The generation gap
I’ve been gently pushing my family into new, uncharted technological waters for as long as I can remember. My father proudly announced to me last Christmas that he was on Facebook, my mother’s a level 70 shaman and my grandparents made their first video call via Skype today.
You know something’s mainstream when your family starts using it. However, there’s a common theme to the above three examples — my father got Facebook because colleagues at work suggested it, then didn’t use it. My mother primarily started playing WoW to get closer to me, and my grandparents are using Skype to keep in touch with their son who’s abroad.
While this theme might apply for many other families, at some point down the generations using online services to connect with people becomes a matter of discovery, not re-connecting. At what point does this change? Is it a matter of your socio-cultural background, job and technological aptitude dictating whether you poke around on Facebook for old school friends, or is it simply an age thing? When do chatty older women cross the line from being friendly in WoW to being gregarious? Of course, no answers, but it’s interesting to think about based on observations.
On the same theme, someone recently remarked to me that ‘older people’ running businesses didn’t really understand the Web. I’m not sure this is a true or fair generalisation — it’s more people who are fairly hidebound, especially those used to corporate environments and procedures, and who are doing just fine without making an effort online.
Do things need to change? In some ways, yes; people are increasingly looking for information online, of course, and some things will effectively cease to exist in the eye of the customer if they don’t have a presence there. However, not every business is in this boat; my local corner shop doesn’t exactly need to have a Twitter account, although it’d be useful to look up its opening hours, and something that caters to less internet-savvy customers is probably communicating just fine with its desired audience already, although an online presence might expand its customer base.

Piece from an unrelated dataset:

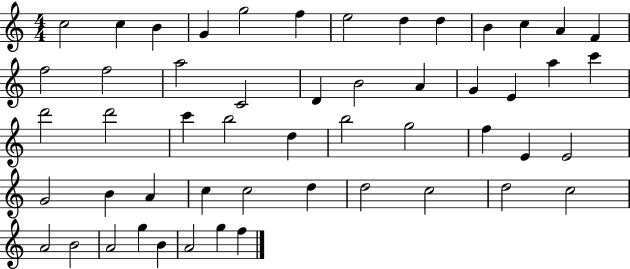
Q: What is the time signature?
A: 4/4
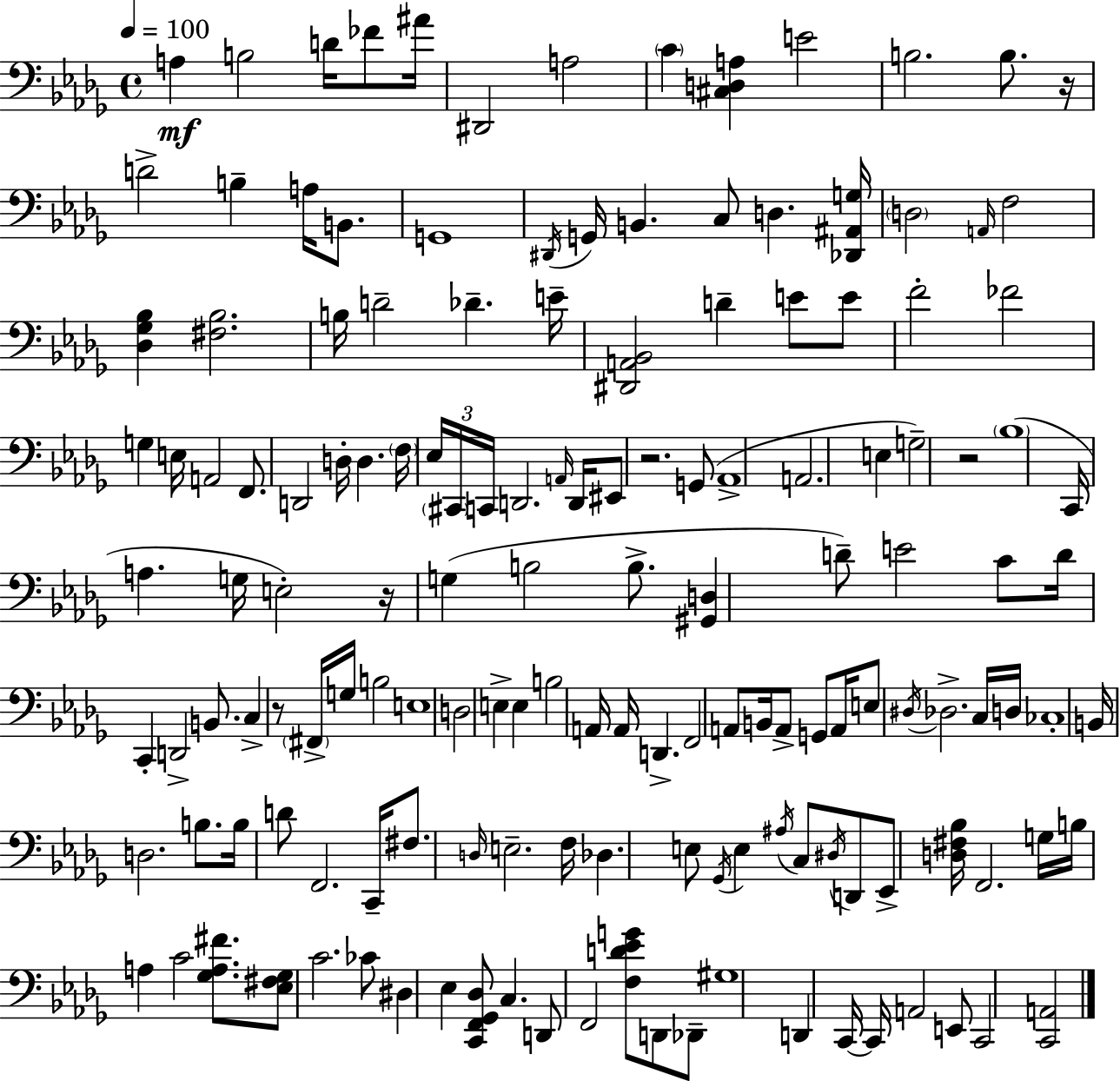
A3/q B3/h D4/s FES4/e A#4/s D#2/h A3/h C4/q [C#3,D3,A3]/q E4/h B3/h. B3/e. R/s D4/h B3/q A3/s B2/e. G2/w D#2/s G2/s B2/q. C3/e D3/q. [Db2,A#2,G3]/s D3/h A2/s F3/h [Db3,Gb3,Bb3]/q [F#3,Bb3]/h. B3/s D4/h Db4/q. E4/s [D#2,A2,Bb2]/h D4/q E4/e E4/e F4/h FES4/h G3/q E3/s A2/h F2/e. D2/h D3/s D3/q. F3/s Eb3/s C#2/s C2/s D2/h. A2/s D2/s EIS2/e R/h. G2/e Ab2/w A2/h. E3/q G3/h R/h Bb3/w C2/s A3/q. G3/s E3/h R/s G3/q B3/h B3/e. [G#2,D3]/q D4/e E4/h C4/e D4/s C2/q D2/h B2/e. C3/q R/e F#2/s G3/s B3/h E3/w D3/h E3/q E3/q B3/h A2/s A2/s D2/q. F2/h A2/e B2/s A2/e G2/e A2/s E3/e D#3/s Db3/h. C3/s D3/s CES3/w B2/s D3/h. B3/e. B3/s D4/e F2/h. C2/s F#3/e. D3/s E3/h. F3/s Db3/q. E3/e Gb2/s E3/q A#3/s C3/e D#3/s D2/e Eb2/e [D3,F#3,Bb3]/s F2/h. G3/s B3/s A3/q C4/h [Gb3,A3,F#4]/e. [Eb3,F#3,Gb3]/e C4/h. CES4/e D#3/q Eb3/q [C2,F2,Gb2,Db3]/e C3/q. D2/e F2/h [F3,D4,Eb4,G4]/e D2/e Db2/e G#3/w D2/q C2/s C2/s A2/h E2/e C2/h [C2,A2]/h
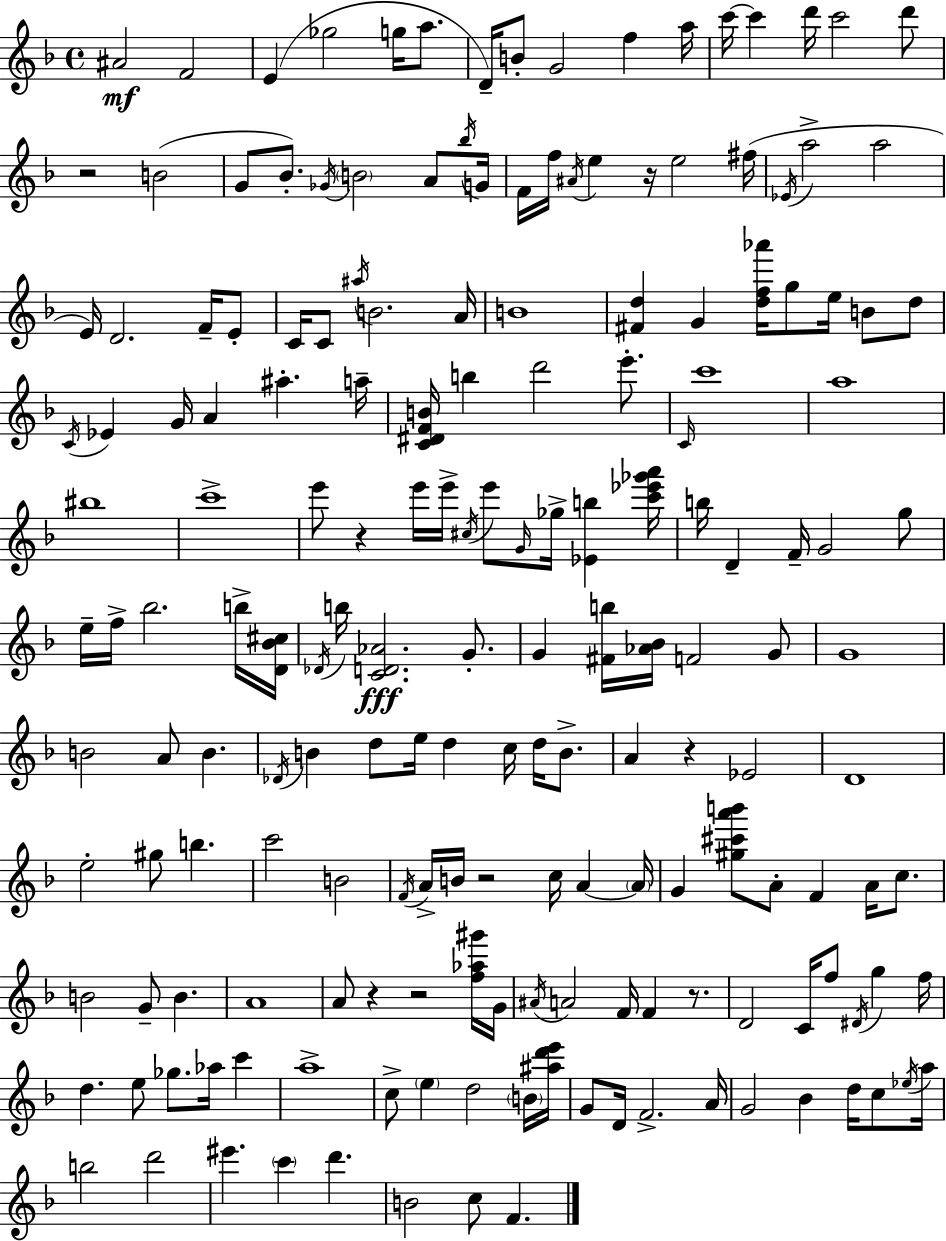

There is a need, and it’s being filled by various initiatives, to convert ‘offline’ information such as opening hours, sales, events etc to online information — should I have to serendipitously walk past Waterstones to find out about a signing, or should the hive mind of the Internet tell me? Should I navigate endless directory listings to find something that is close to me, sells newspapers, and open at 6 on a Sunday, or should I simply leave the house? Strange concept, but sometimes the old ways are the best.
It just intrigues me that my grandparents are tech-savvy enough to have video calls with their children, fire emails to and fro, scan in images and print out Christmas cards, write and print letters, and yet they simply don’t use the Web at all. My grandmother would rather phone someone up than use an online helpdesk or shopping site, and she’s blissfully unaware of the nest of dangers when it comes to shopping online simply because she doesn’t do it. If she wants to find opening hours, she gets out the Yellow Pages — if I do, I look online. That’s a generation gap for sure, but what happens to more traditional businesses when even my grandmother learns to Google?